Finite temperature and quench dynamics in the Transverse Field Ising Model from form factor expansions

We are grateful to the three referees for their careful reading of the manuscript and helpful comments. All three referees note the significant progress made in our work in calculating (dynamical) correlation functions of semi-local operators at finite temperature and after quantum quenches and recommend publication.

In the following we respond to the various points raised.

---Reply to the second referee---

We thank the referee for their report and constructive comments. The referee's main concern is that the presentation of our manuscript is rather technical. On the other hand, as they go on to point out, given the nature of the subject matter this is difficult to avoid. In light of the referee's comments we have made additional efforts to improve the readability of our manuscript. In particular we have added a summary of our main results at the end of the introduction, which hopefully will make it easier for readers to navigate their way through the technical parts that follow. We have also improved the text in the Appendix.

---Reply to the third referee---

We thank the referee for their report and constructive comments. The referee did not request specific changes, but raised several questions to which we now reply in turn.

-The referee notes that ''Interestingly but unfortunately, the formalism does not seem to be extendable for calculating local operators even for integrable cases in the presence of interactions.'' and considers this a weakness of our work. Here we beg to differ: this is not a weakness, but a simply consequence of fundamental differences in the properties of Lehmann representations of local and semi-local operators. Which states dominate the spectral sums of response functions is ultimately a physical property, and these are simply different between local and semi-local operators. As is already mentioned in our manuscript, local operators will be the subject of a separate publication.

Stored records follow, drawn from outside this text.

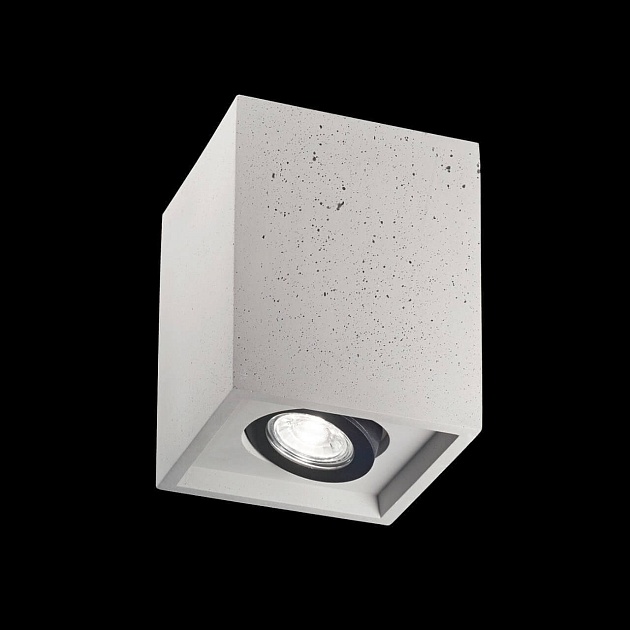 Потолочный светильник Ideal Lux Oak PL1 Square Cemento 150475 фото 2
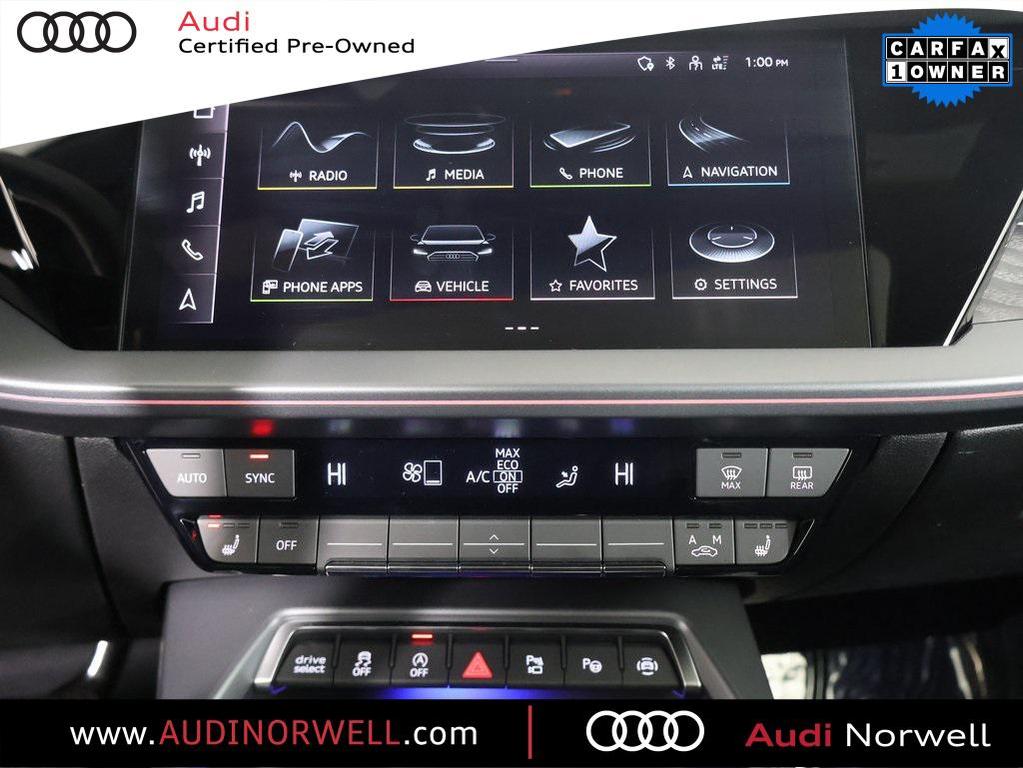 used 2025 Audi A3 car, priced at $34,990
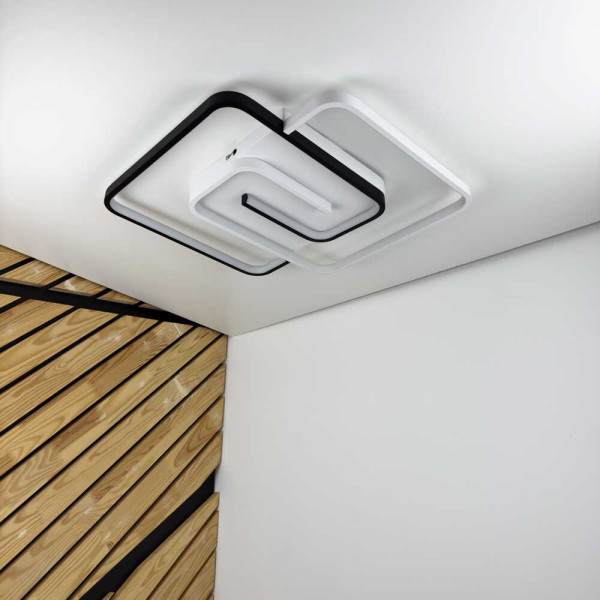 Світильник LED smart DOMINO+пульт квадрат 90W 3000-5000K IP20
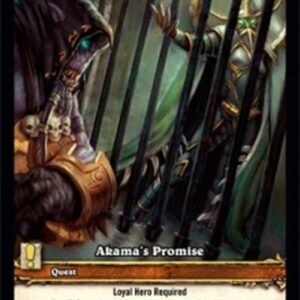 World of Warcraft TCG Akama's Promise
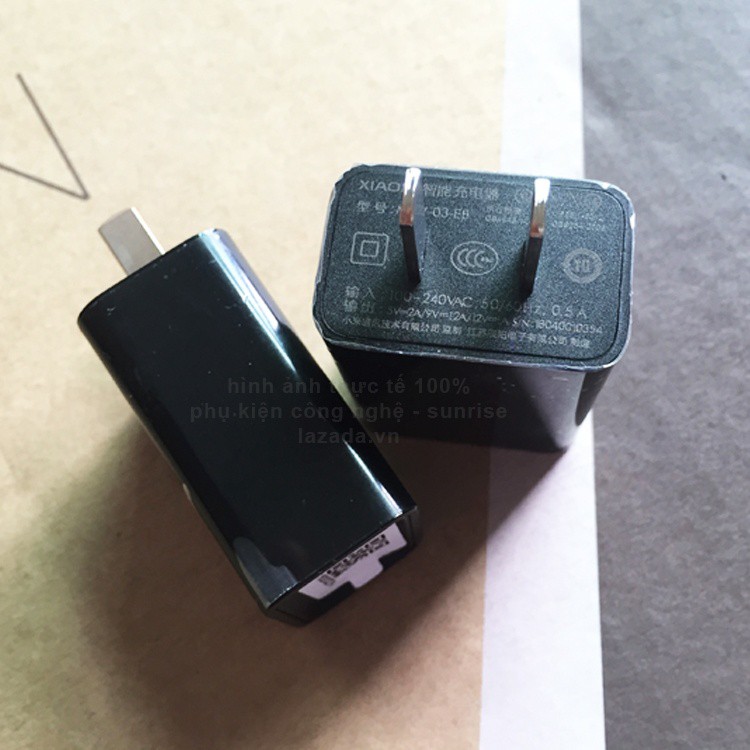 Bộ sạc nhanh Quick Charge 2.0 cho điện thoại Xiaomi(MDY03EB)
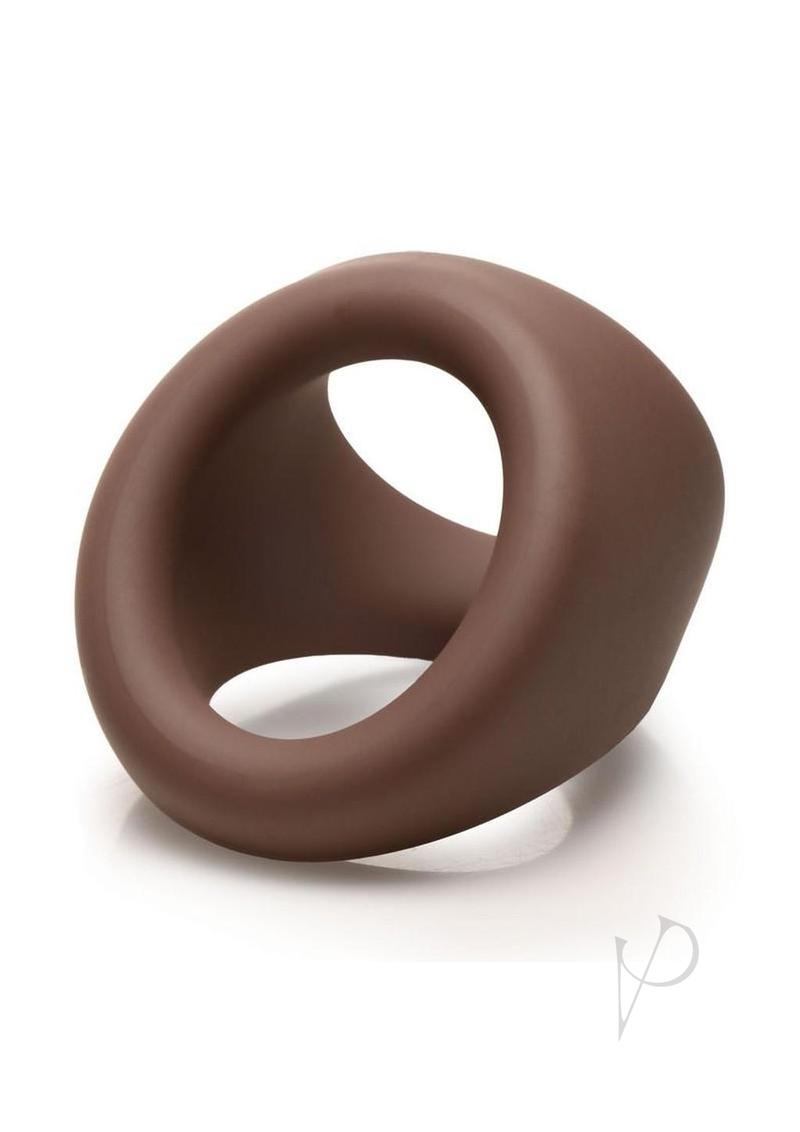 Jock Silicone Cock Ball Ring Dark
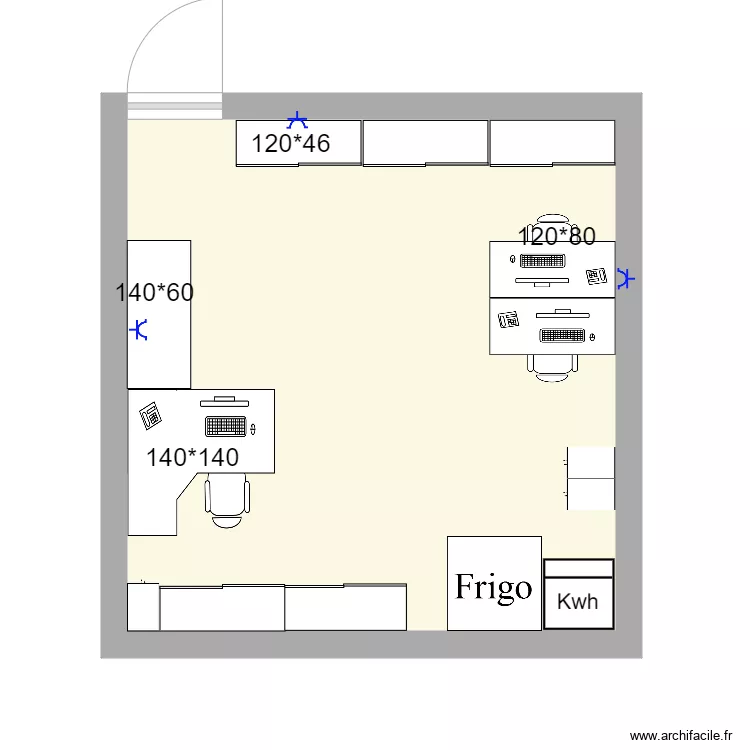 Magasin R&eacute;ception. Plan de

-The referee expresses ''a small confusion regarding the interpretations of the finite-T result.'' We discuss two completely separate physical problems: (i) Finite-temperature dynamical (time-dependent) spin-spin correlation functions and (ii) Time evolution of the order parameter after a quantum quench of the transverse field (from $h_0$ to $h$), where the initial state is taken to be the ground state at field $h_0$. These two unrelated problems can both be formulated in terms of spectral representations, and the calculations required to extract the dynamics turn out to be technically similar. The spectral representation in the quench case, and the resulting averaging in the steady state are based on the quench-action approach co-developed by one of us. There is no problem with applying it to problems where the initial density matrix is thermal, but we do not do this here.

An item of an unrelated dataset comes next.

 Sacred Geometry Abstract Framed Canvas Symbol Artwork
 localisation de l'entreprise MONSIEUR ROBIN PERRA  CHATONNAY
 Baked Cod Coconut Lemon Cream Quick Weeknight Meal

• The referee wonders if the formalism can be extended to calculate (in a perturbative sense) semi-local operators for non-integrable interacting systems. We agree that this is an interesting question that should be addressed in future work. The current state of the art is the methodology developed in our manuscript, and in our view the most immediate application/generalization is to interacting integrable theories such as the Lieb-Liniger model.

---Reply to the fourth referee---

We thank the referee for their report, pointing out a number of typos, and constructive comments. We have corrected the typos mentioned by the referee (as well as some others). We have followed the referee's suggestion and added an extended outline of the paper and summary of our key results at the end of the introduction. We hope this will help in making our work more accessible.

The referee comments that ''The description is so technical that it is difficult for non-experts on this subject to read.'' We are well aware of this issue. However, as the content of our paper is inherently technical we are afraid there is a limit to how accessible we can make our work to a wider audience.